BOCA RATON, FLA — Renée Bergeron, Ingram Micro’s senior vice president of global cloud channels declared at this year’s Ingram Micro Cloud Summit here, that Infrastructure-as-a-Service (Iaas) is “the largest untapped opportunity for partners today.”
That statement is made all the more stunning by the fact that it’s exactly the same proclamation Bergeron made at last year’s event. It speaks, perhaps, to the size and scale of the IaaS opportunity that it remains underrealized a year later, but it’s still somewhat surprising that it remains so “untapped” — usually when an executive uses a main stage to put the spotlight on an untapped opportunity, it’s because it is both a very large opportunity, and one that’s poised to be acted on.

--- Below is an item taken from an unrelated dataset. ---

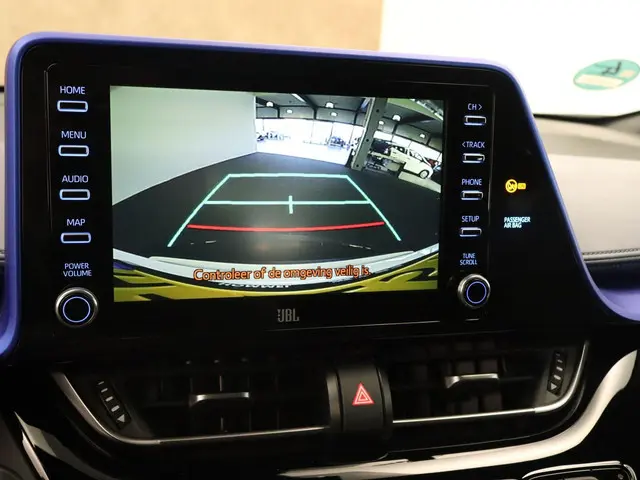 Toyota C-HR 2.0 Hybrid Bi-Tone 2020 Hybride Benzine 36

Bergeron noted that while more than half of cloud revenues worldwide involve an indirect partner today, that figure plummets to somewhere around 15 per cent when talking about IaaS. Still, she said “we are at the inflection point we’ve been talking about” when it comes to IaaS, and that momentum is growing.
That momentum was shown by a panel discussion among three partners the distributor holds up as relatively far along in terms of building IaaS as a business. The panelists — Craig Slack, managing partner of Vancouver-based Blue Silver Shift, Herb Hogue, senior vice president of cloud, security, hybrid data center and collaboration at PCM, and Sam Barhoumeh, founder and CEO of ReadyNetworks — agreed that solution providers wanting to help tap that untapped opportunity have a clear route to tackle the challenge.

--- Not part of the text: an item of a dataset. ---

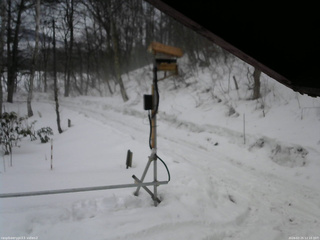 長野県菅平高原 ゆたか山荘 南側 2026/02/25 12:15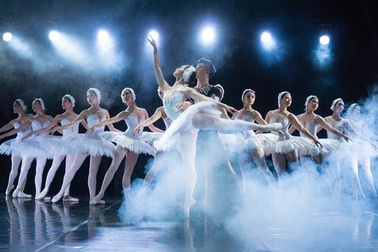 Các nhà hát sẽ kiếm nguồn thu từ đâu khi triển khai nhà hát online?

“Our most impactful strategy around IaaS has been the discussion starter around disaster recovery,” said Barhoumeh, with other panelists agreeing. “That seems to be the entry point and the least intrusive in terms of shifting from on-prem to cloud.”
Other major tips from those who’ve been there include picking one major IaaS stack and sticking with it. While Hogue and Slack’s organizations may have chosen to go different ways — the former focused on Amazon Web Services, and the latter on Microsoft Azure, both stressed concentrating on one hyper-scale cloud to build out their IaaS offering was key.
“We decide to invest all our eggs in one basket, and that’s been the right decision for us,” Slack said.
Barhoumeh also urged partners to think long-term when it comes to building an IaaS business — urging partners to take a “five year plan” approach to building out IaaS that includes, from day one, the plan for what comes next once they’ve established an IaaS business.
Hogue pointed to development around business intelligence and the Internet of Things as logical offshoots of IaaS businesses — once you’ve consolidated a customer’s infrastructure, you’ve got an opportunity to get more knowledge and insight out of the data in that infrastructure.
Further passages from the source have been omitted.